Motivation
Virtually all Web performance evaluation work has focused on server logs,
proxy logs, or packet traces based on HTTP 1.0 traffic.
HTTP 1.1 introduces several new features
that may substantially change the characteristics of Web traffic in the coming
years. However, there is very little end-to-end HTTP 1.1 traffic in the Internet
today. This has led to a dependence on HTTP 1.0 logs and synthetic load
generators to postulate improvements to HTTP 1.1, and to evaluate new proxy
and server policies. We believe that Web performance studies should use more
realistic logs that take into account changes to the HTTP protocol. In
particular, we suggest techniques for converting an HTTP 1.0 log into a
semi-synthetic HTTP 1.1 log, based on information extracted from packet-level
traces and our knowledge of the HTTP 1.1 protocol. As part of this study,
we plan to collect detailed packet-level server traces at AT&T's Easy
World Wide Web (EW3) platform , the Web-hosting part
of AT&T WorldNet.
The changes in the HTTP protocol address a number of key areas, including
caching, hierarchical proxies, persistent TCP connections, and virtual hosts.
We focus on specific new features that are likely to alter the workload
characteristics (as summarized in Table 1:
Using Packet Traces to Model HTTP 1.1
Research on Internet workload characterization has typically focused on creating
generative models based on packet traces of various applications
5,6. These
models range from capturing basic traffic properties, like interarrival and
duration distributions, to representing application-level characteristics.
Synthetic workload generators based on these models can drive a wide range
of simulation experiments, allowing researchers to perform accurate experiments
without incurring the extensive overhead of packet trace collection. A synthetic
modeling approach has also been applied to develop workload generators for
Web
traffic&7,8.
Although these synthetic models of HTTP 1.0 traffic are clearly valuable,
it may be difficult to project how these synthetic workloads would change
under the new features in HTTP 1.1.
In contrast to Internet packet traces, many sites do maintain Web proxy or
server logs.
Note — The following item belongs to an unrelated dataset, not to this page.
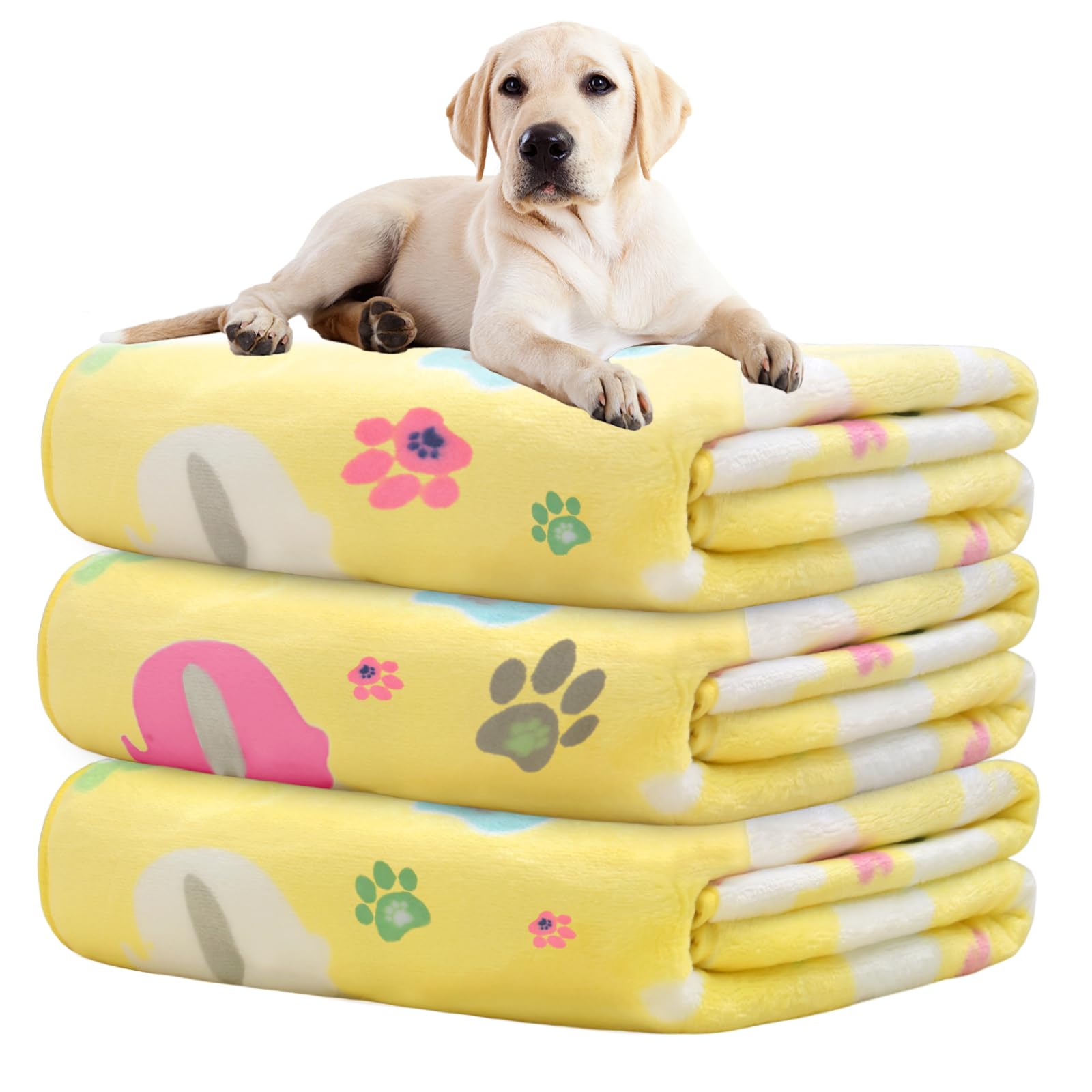 Rezutan 1 Pack 3 Premium Soft Dog Throw Blanket, With Flannel Yellow Cute Elephant Pattern And Paw Prints,41X31 Inches, Cat Blan
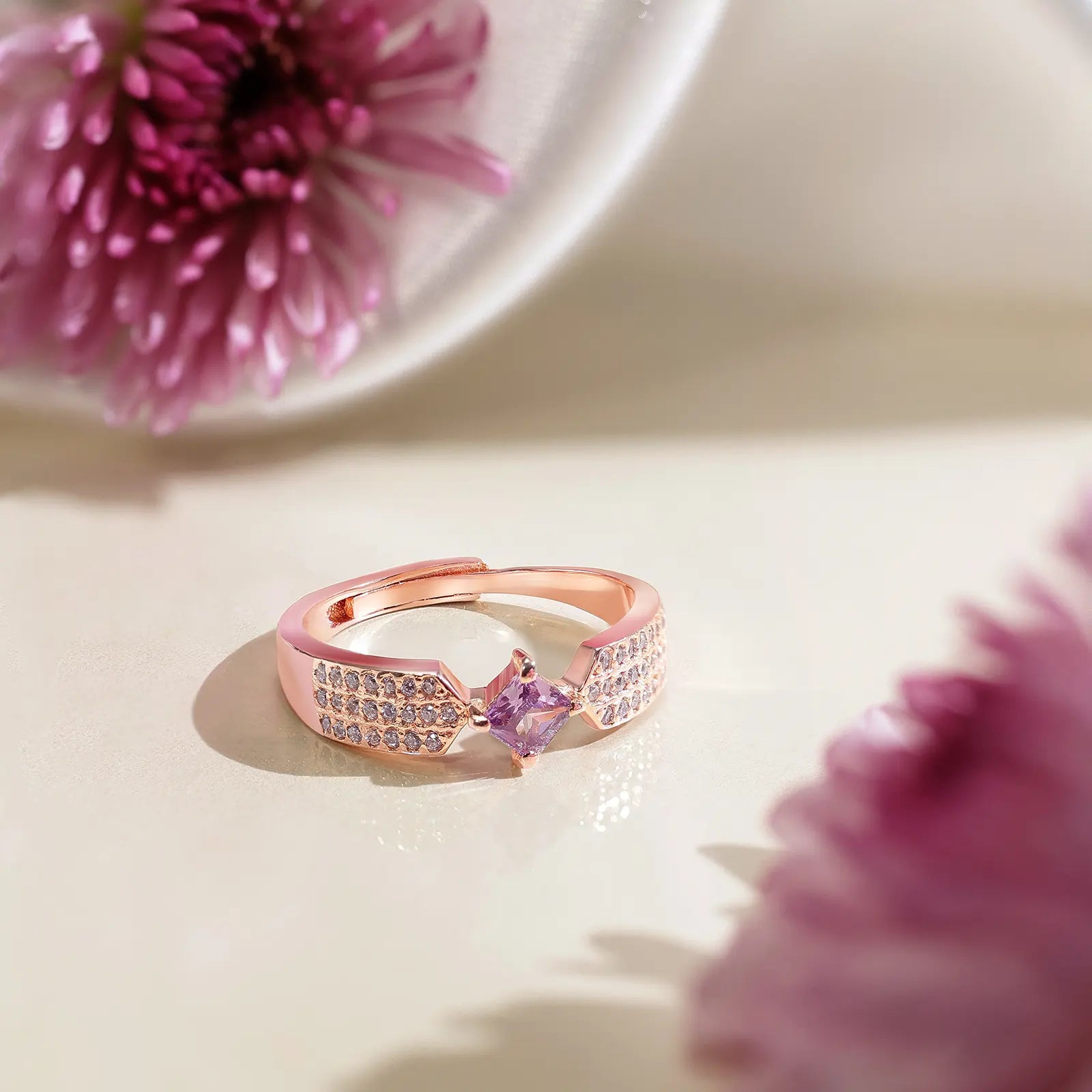 Rose Gold Plated Purple Stone Silver Ring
Having a way to convert these HTTP 1.0 logs to representative
HTTP 1.1 logs would allow these sites to evaluate the potential impact of
various changes to the protocol. These semi-synthetic HTTP 1.1 traces could
also be converted into synthetic workload models that capture the characteristics
of HTTP 1.1. The process of converting HTTP 1.0 logs to representative HTTP
1.1 logs requires insight into the components of delay in responding to user
requests, as well as other information that is not typically available in
logs. A packet trace, collected at the Web proxy or server site, can provide
important information not available in server logs:
The value of packet traces has been demonstrated in recent studies on the
impact of TCP dynamics on the performance of Web proxies and
servers9,10.
Similarly, a complete collection of packet traces of both request and response
traffic at a Web server would provide a unique opportunity to gauge how a
change to HTTP 1.1 would affect the workload.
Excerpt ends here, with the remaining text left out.